I was doing some tests and I wonder if the script below is running asynchronously?

# python test.py  It took 1.3439464569091797 seconds.

31 (sites) x 1.34 = 41.54s - so it's a few seconds less but in theory it should take only as long as the longest request?

# python test.py  It took 28.129364728927612 seconds.

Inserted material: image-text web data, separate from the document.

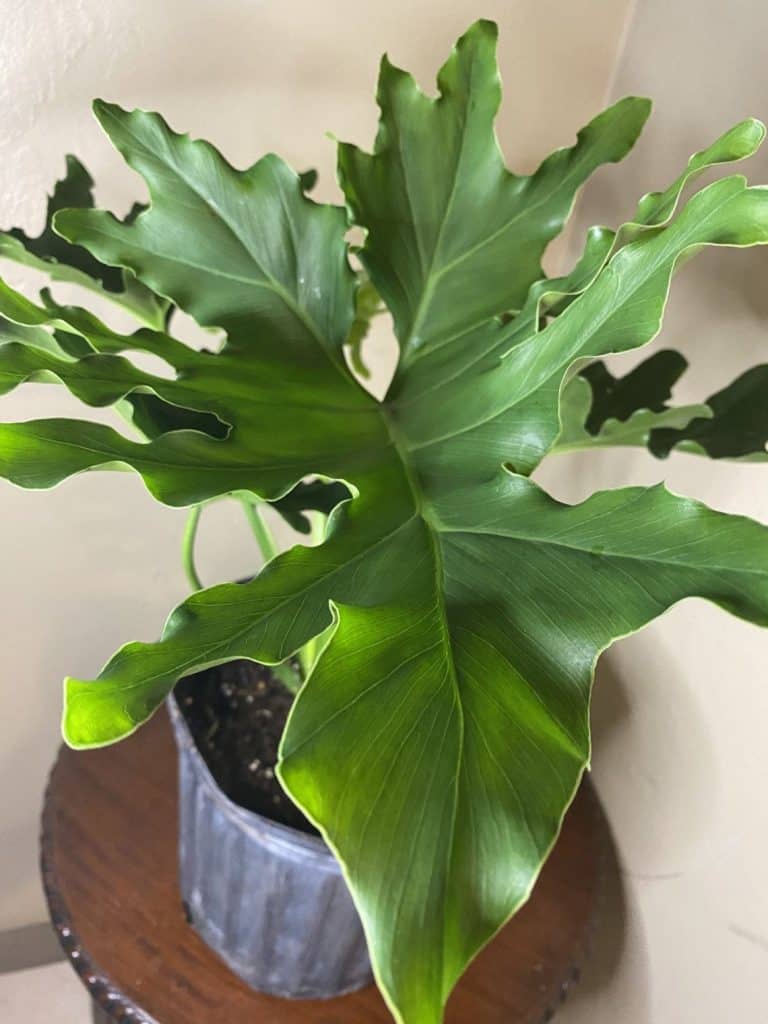 Lacy Tree Philodendron (Philodendron selloum)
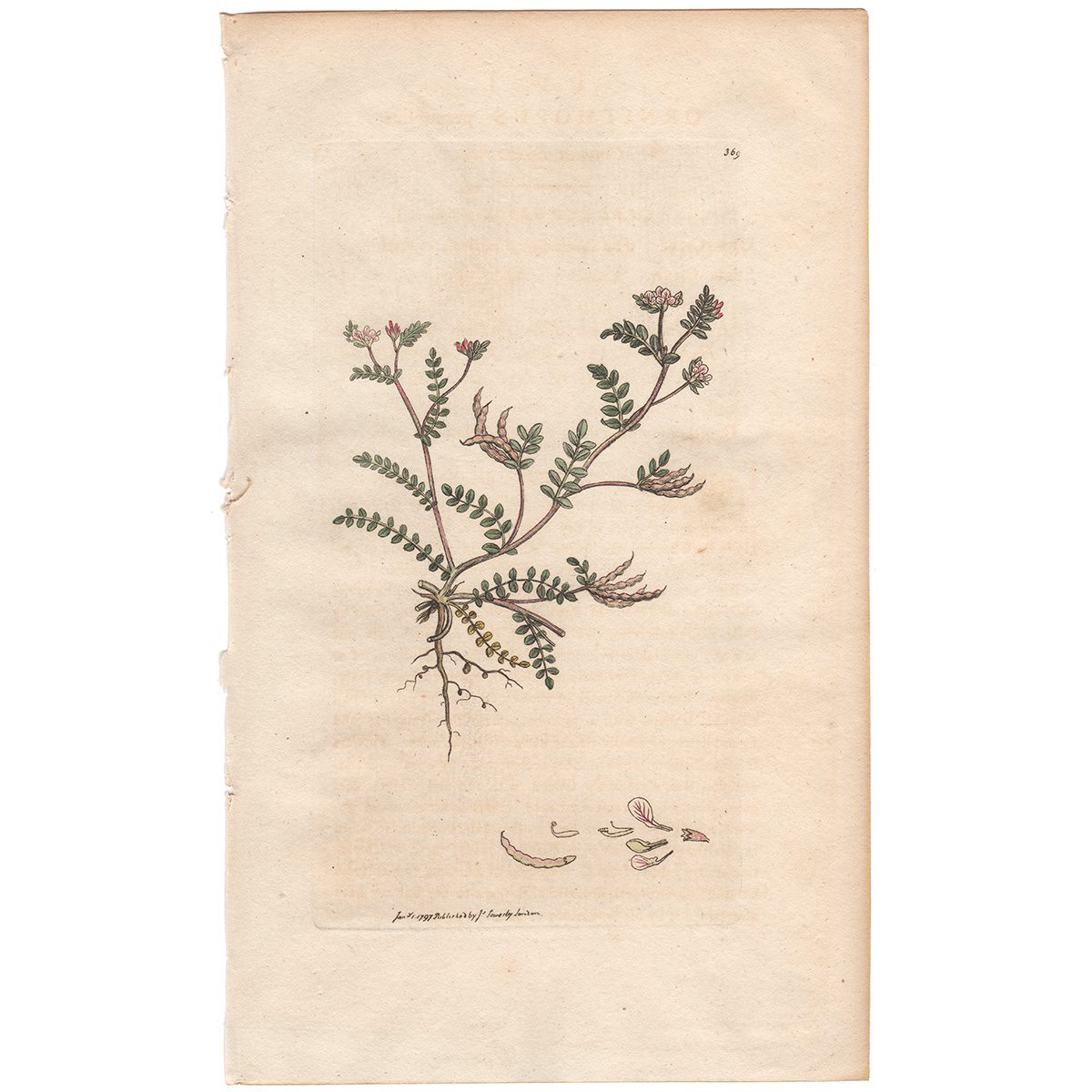 Sowerby Botany Plate 369 Common Bird's-foot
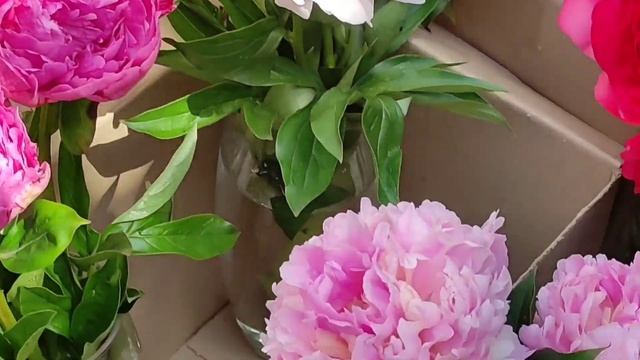 #ФестивальпионовВоронеж Фестиваль пионов(3.06.23г., Г.Воронеж). смотреть онлайн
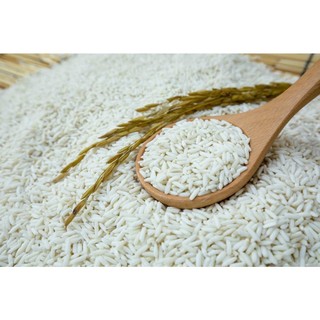 1kg gạo nếp thái lan hạt dài - siêu dẻo, thơm ngon, mềm_ nếp thái loại 1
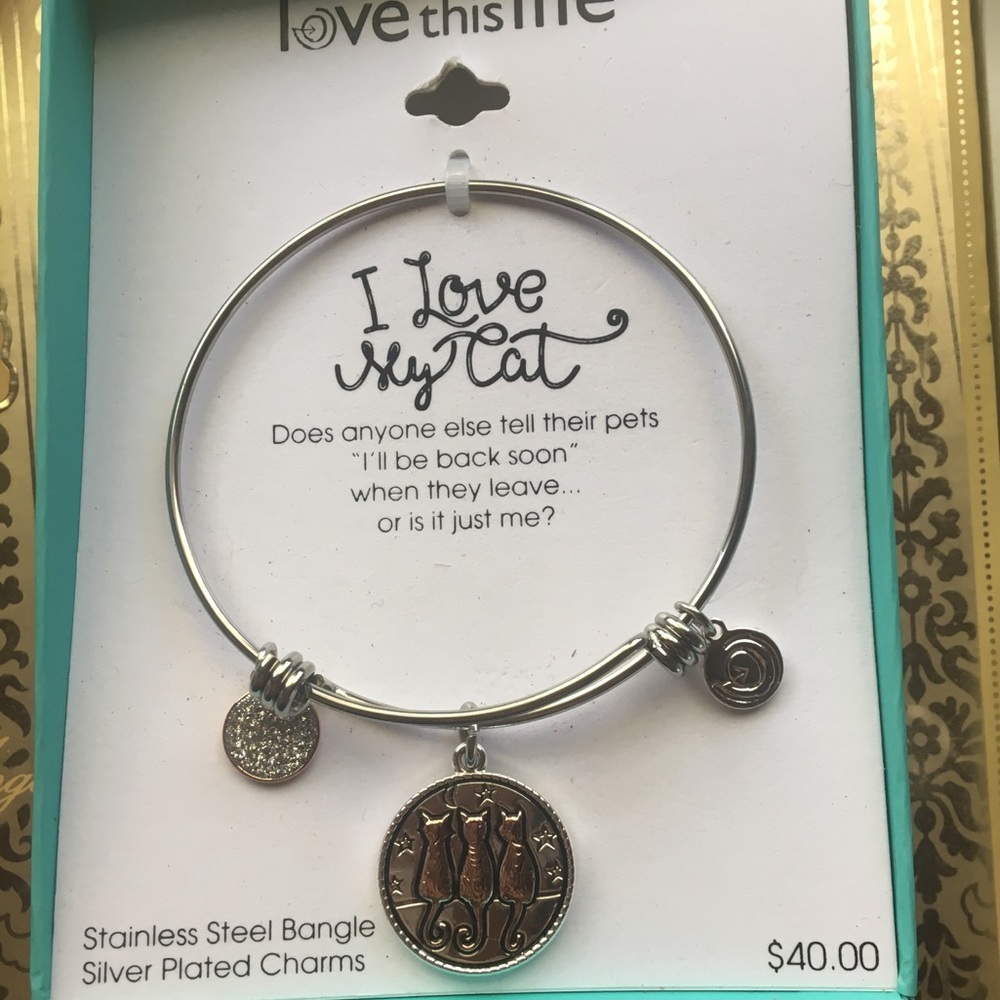 Stainless Steel Love This Life Cat Charm Bracelet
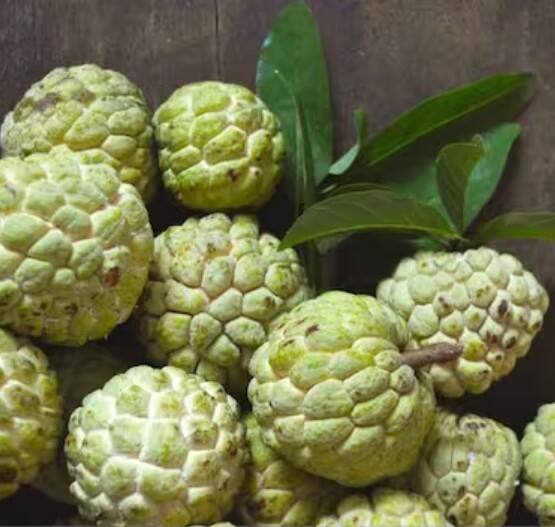 ਇਹ ਰਾਮ ਫਲ ਕੀ ਹੁੰਦਾ ਹੈ? ਇਸ ਦੀ ਕਾਸ਼ਤ ਤੋਂ ਕਿਸਾਨ ਕਮਾ ਰਹੇ ਨੇ ਭਾਰੀ ਮੁਨਾਫ਼ਾ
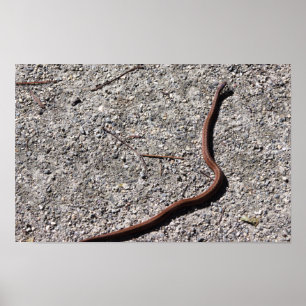 Póster de foto de serpiente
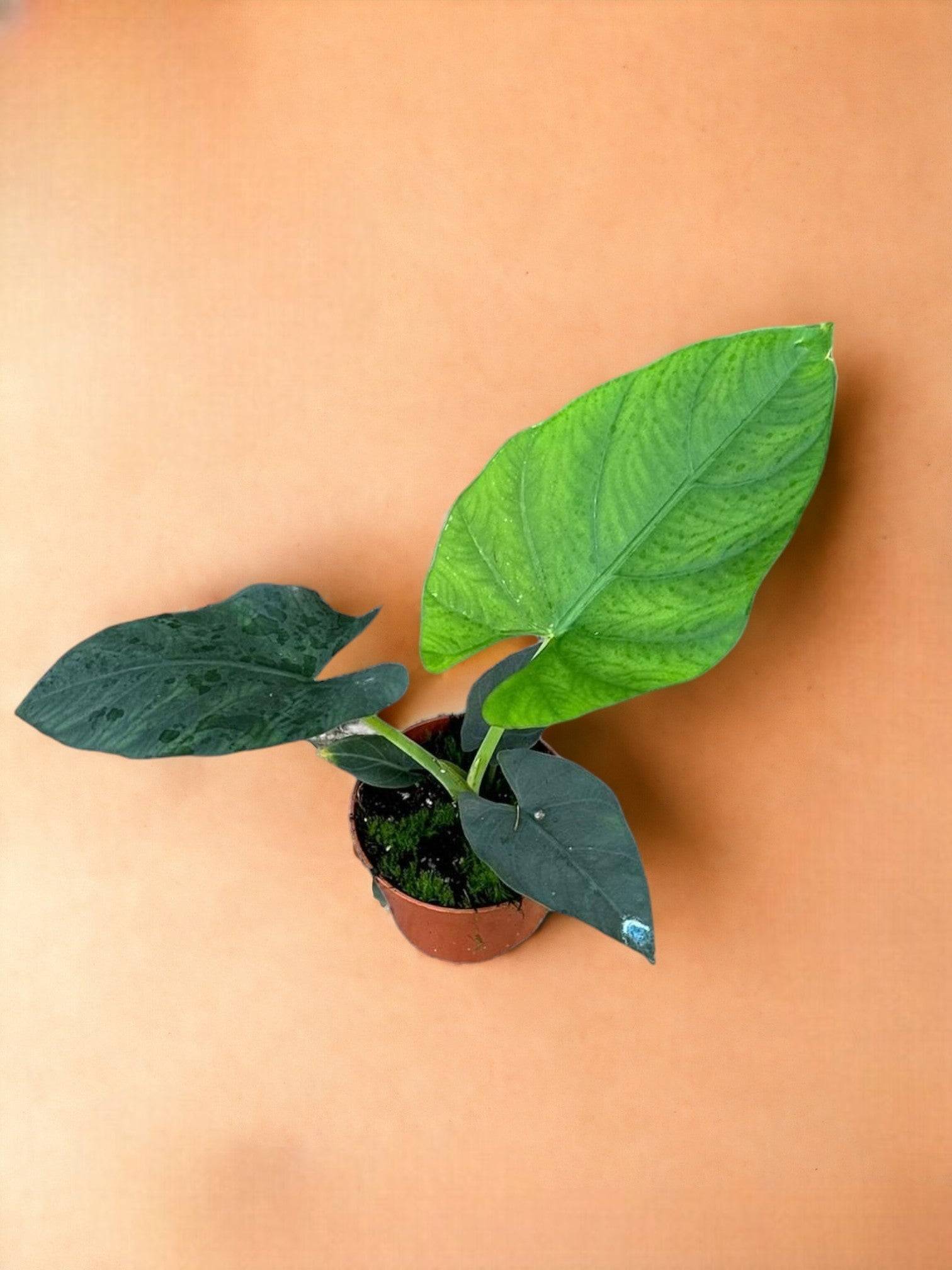 Alocasia Scabriuscula- La Green Touch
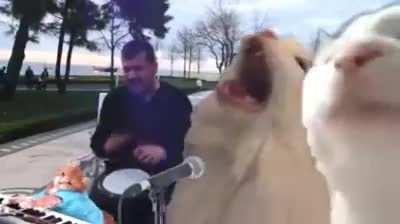 WSB Apes watching GME dipping on Monday be like:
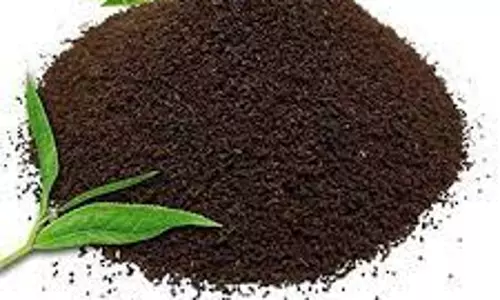 குன்னூர் ஏல மையத்தில் தேயிலைதூள் விற்பனை ஜோர்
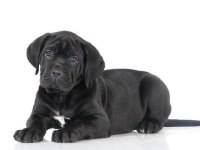 A scrli anne babadan cane corso yavrular kapıda ödeme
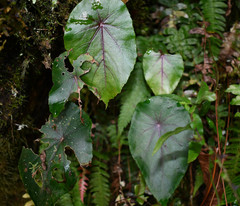 Gobenia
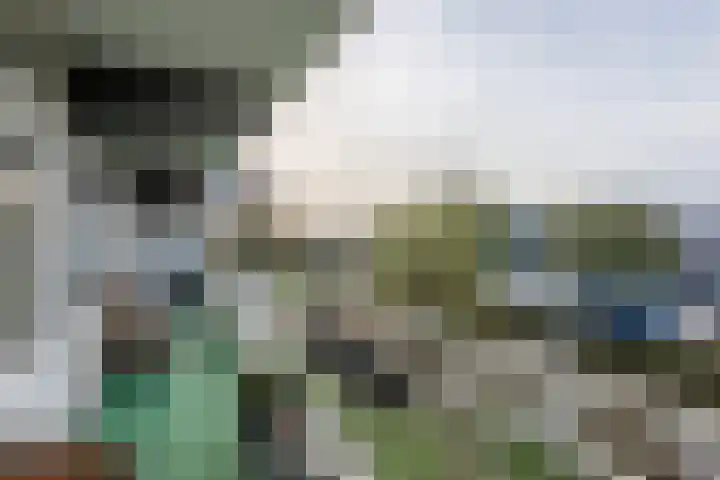 Heemraadweg 236 Weesp thumbnail 24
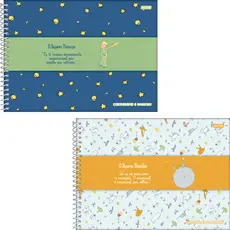 Caderno Desenho/ Cartografia O Pequeno Principe 96 Folhas Jandaia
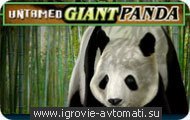 Игровой автомат Untamed Giant Panda Игровой автомат Untamed Giant Panda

Perhaps opening a browser is not async here and I should use executor for this?

# cat test.py 
import asyncio
import time

from pyppeteer import launch
from urllib.parse import urlparse

WEBSITE_LIST = [
    'http://envato.com',
    'http://amazon.co.uk',
    'http://amazon.com',
    'http://facebook.com',
    'http://google.com',
    'http://google.fr',
    'http://google.es',
    'http://google.co.uk',
    'http://internet.org',
    'http://gmail.com',
    'http://stackoverflow.com',
    'http://github.com',
    'http://heroku.com',
    'http://djangoproject.com',
    'http://rubyonrails.org',
    'http://basecamp.com',
    'http://trello.com',
    'http://yiiframework.com',
    'http://shopify.com',
    'http://airbnb.com',
    'http://instagram.com',
    'http://snapchat.com',
    'http://youtube.com',
    'http://baidu.com',
    'http://yahoo.com',
    'http://live.com',
    'http://linkedin.com',
    'http://yandex.ru',
    'http://netflix.com',
    'http://wordpress.com',
    'http://bing.com',
]

start = time.time()

async def fetch(url):
    browser = await launch(headless=True, args=['--no-sandbox'])
    page = await browser.newPage()
    await page.goto(f'{url}', {'waitUntil': 'load'})
    await page.screenshot({'path': f'img/{urlparse(url)[1]}.png'})
    await browser.close()

async def run():
    tasks = []

    for url in WEBSITE_LIST:
        task = asyncio.ensure_future(fetch(url))
        tasks.append(task)

    responses = await asyncio.gather(*tasks)
    #print(responses)

#asyncio.get_event_loop().run_until_complete(fetch('http://yahoo.com'))
loop = asyncio.get_event_loop()
future = asyncio.ensure_future(run())
loop.run_until_complete(future)

print(f'It took {time.time()-start} seconds.')

回答1:


According to pyppeteer source code, it is using subprocess without pipes to manage Chromium processes, and websockets to communicate, therefore it is async.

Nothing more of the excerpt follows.